INFORMATION –
▬▬▬▬▬▬▬▬▬▬

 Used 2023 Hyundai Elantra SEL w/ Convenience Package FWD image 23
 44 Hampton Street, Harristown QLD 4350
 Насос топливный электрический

▬▬▬▬▬▬▬▬▬▬

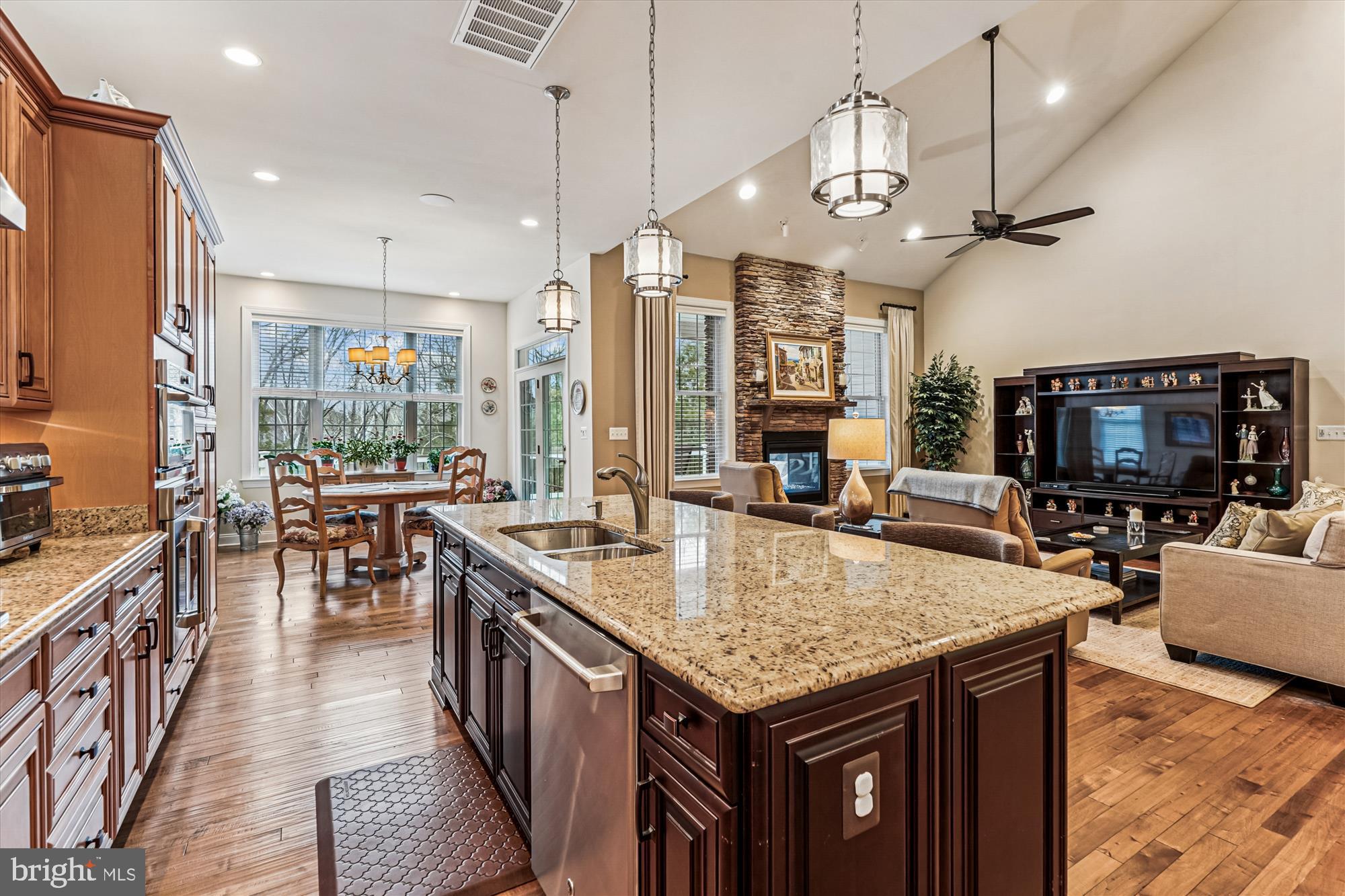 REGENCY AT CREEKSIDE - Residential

▬▬▬▬▬▬▬▬▬▬

DIRECTIONS – Reproduce, character for character, only the lines of the preceding data that start at the line with "Used 2023 Hyundai" and end at the line with "Насос топливный электрический", both included.

FINISHED EXERCISE –
 Used 2023 Hyundai Elantra SEL w/ Convenience Package FWD image 23
 44 Hampton Street, Harristown QLD 4350
 Насос топливный электрический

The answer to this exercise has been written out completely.